The most important presentation in the class is the disclosing speech. Its purpose is: 1) to have students share thoughts, feelings and experiences that describe who they are – what they care about and value; 2) to build classroom community through sharing (what Etienne Wenger calls a “community of practice”); and 3) to address communication anxiety.
The disclosing speech addresses student “stage fright” by having speakers use familiar objects to represent who they are. During the speech, the object “de-centers the speaker.” It becomes a visual aid for the audience and a manipulative for the speaker designed to reduce stress by handling it. Additionally, students can get “caught up” talking about the object and forget momentarily that they are giving a “speech.”
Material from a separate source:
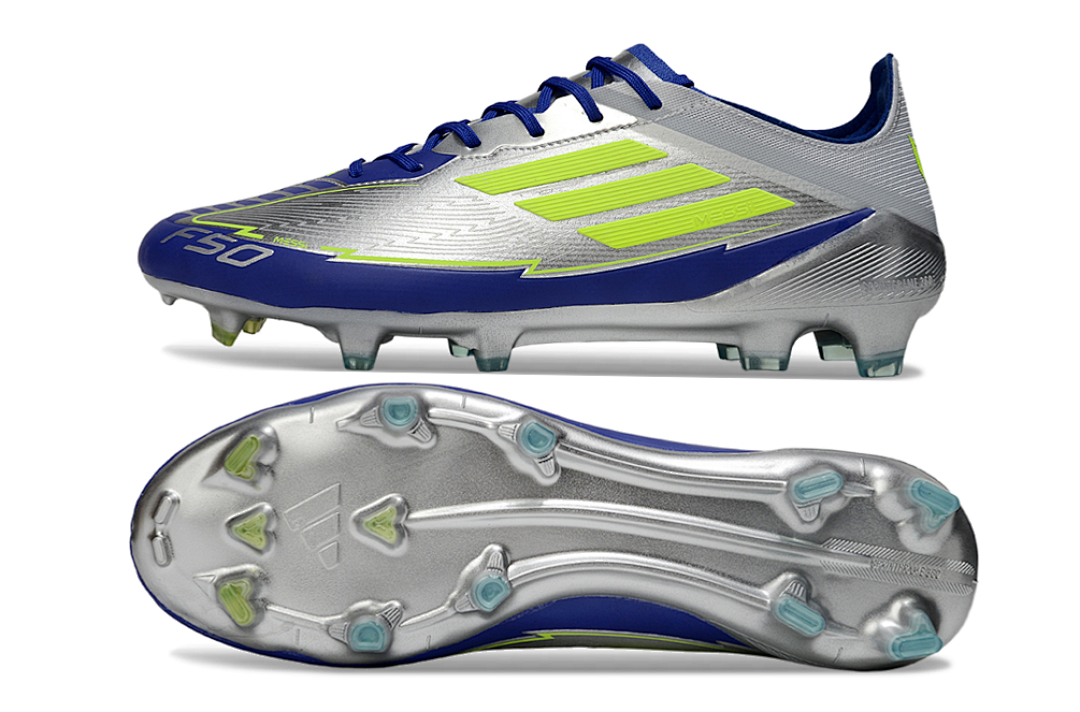 Adidas F50 ELITE FG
I model the speech with my wedding ring as the object. The ring was engraved by a First Nation artist and depicts a frog sticking out his tongue. It represents my Native American heritage, learning (the frog), and commitment to my wife, Holly. But modeling is risky. The ring has depth of meaning. Besides signifying love, it holds memories of family and thirty-seven years of teaching. It leads down many paths.
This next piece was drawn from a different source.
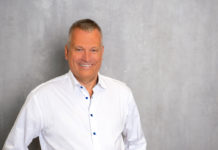 This Easter, it’s time for new beginnings Winfried Muehling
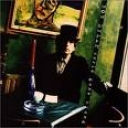 BOB DYLAN - WORLD GONE WRONG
I don’t know where I’ll end up.
I may share a story about an angry dropout who entered my high school completion program at the college. Brent challenged my authority every day. He didn’t trust that I could be more concerned about his possibilities than about his past. But trust grew and eventually he completed both high school and a two-year degree.
I lost contact with Brent until years later when his mother showed up at my office. She explained that he graduated from the University of Washington and was pursuing a master’s degree. She wanted me to know that I had made a difference in his life. At this point in the speech, I get caught up emotionally in the story that unfolds. For a moment, I experience the mother’s next words: “I also wanted to let you know because Brent was killed riding his bike to school a few months ago.”
Sharing my emotions is not an easy experience for new students. But it sets a tone for the class. When communication exchanges intimate thoughts and feelings, it is a form of communion. And communion can lead to community. Students experience human connection. They pick an object close to them. They may share thoughts and feeling they didn’t expect. They sometimes cry. But they get through it. They make friends and create the most supportive classroom community that I have ever experienced.
On the way to teaching, they bring their humanity.